§ Exercise description: Print every line below exactly. Skip the pictures.

(Beginning of Entries shown)

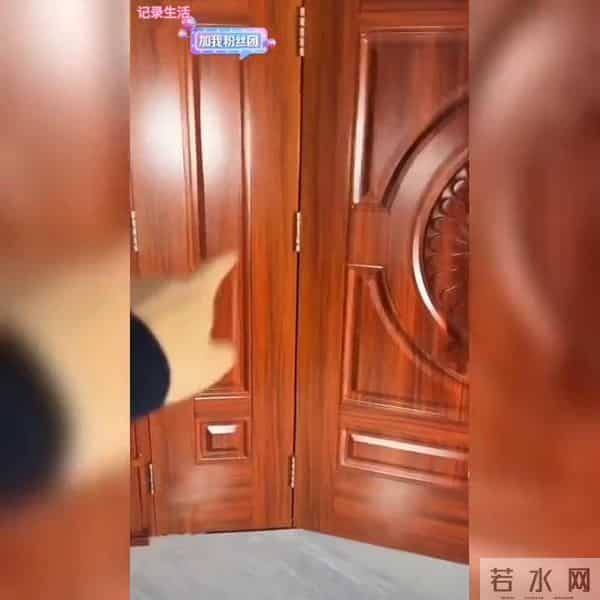 全村仅此一家的霸气大门，小松秋秋家今日落成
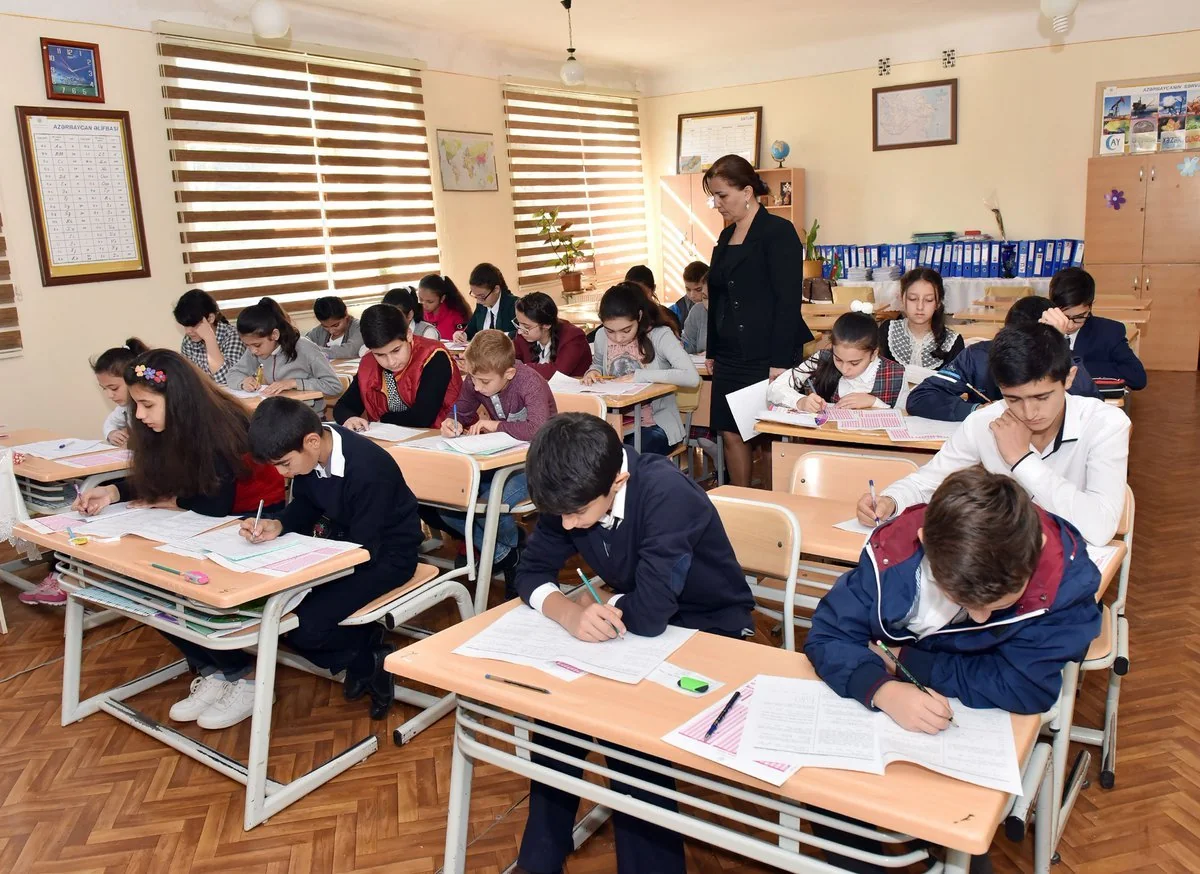 Azərbaycanda məktəbi vaxtından əvvəl bitirmək istəyən şagirdlərdən müraciətlərin qəbuluna başlanılıb
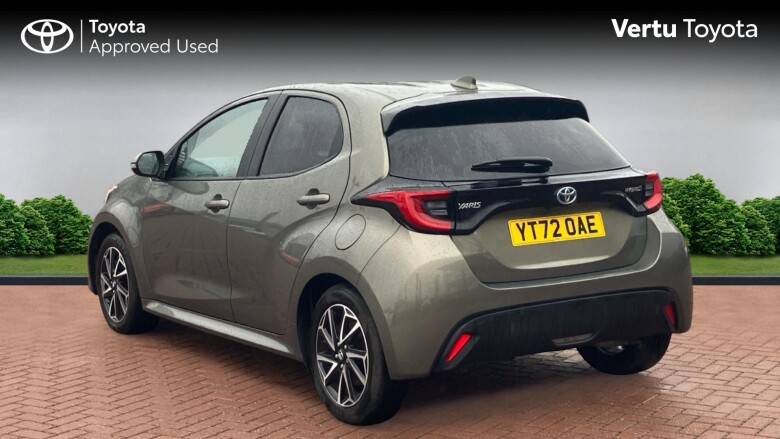 Toyota Yaris 1.5 Hybrid Design 5dr CVT Hybrid Hatchback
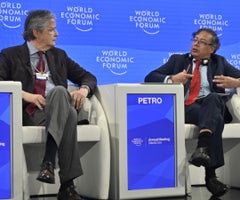 Presidente Petro con Guillermo Lasso en WEF
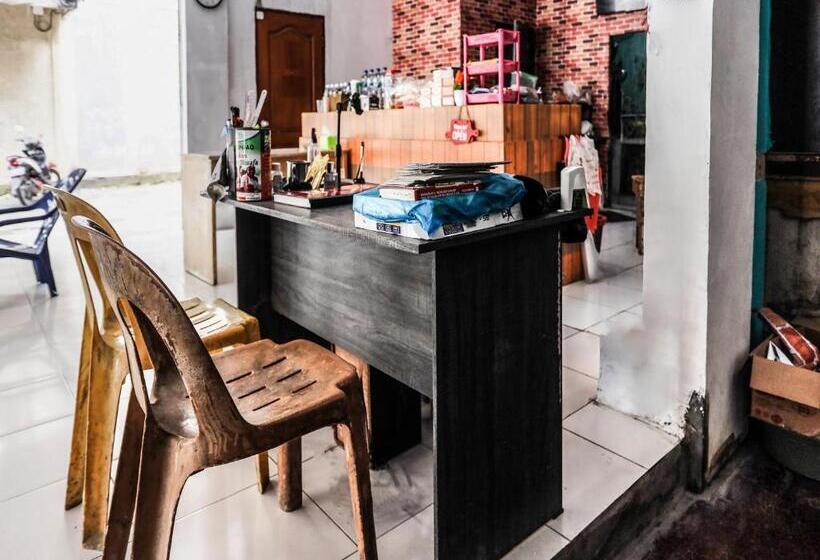 호텔 Spot On 91792 Solo Baru 2 Homestay Syariah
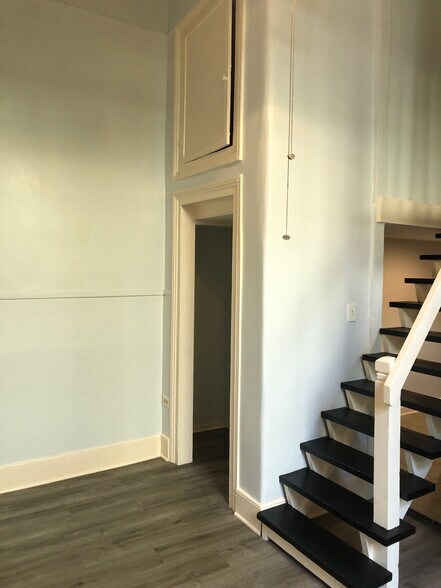 Building Photo - 2333 Magazine St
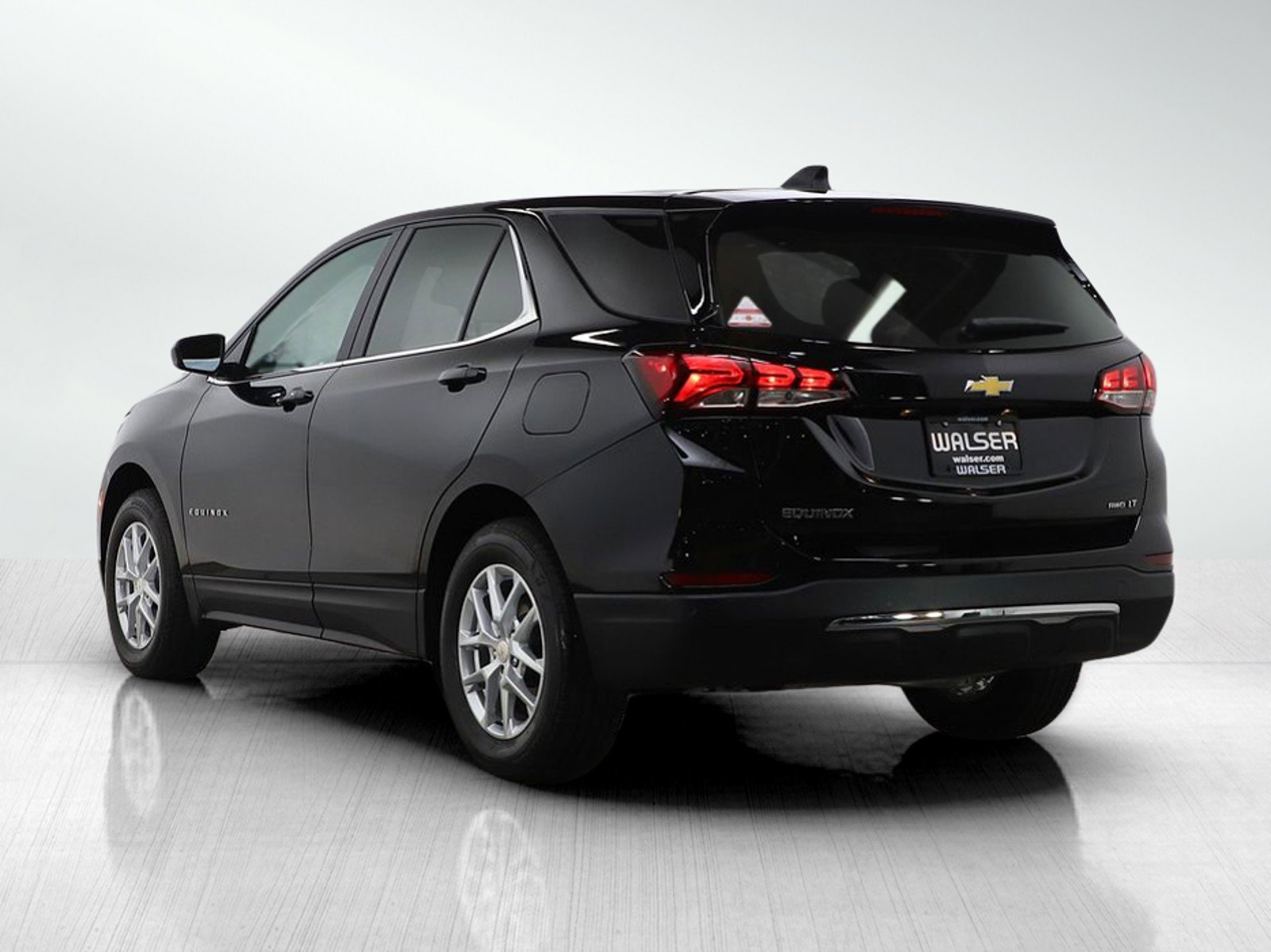 Used 2024 Chevrolet Equinox LT image 3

(End of Entries shown)

§ Completed task:
 全村仅此一家的霸气大门，小松秋秋家今日落成
 Azərbaycanda məktəbi vaxtından əvvəl bitirmək istəyən şagirdlərdən müraciətlərin qəbuluna başlanılıb
 Toyota Yaris 1.5 Hybrid Design 5dr CVT Hybrid Hatchback
 Presidente Petro con Guillermo Lasso en WEF
 호텔 Spot On 91792 Solo Baru 2 Homestay Syariah
 Building Photo - 2333 Magazine St
 Used 2024 Chevrolet Equinox LT image 3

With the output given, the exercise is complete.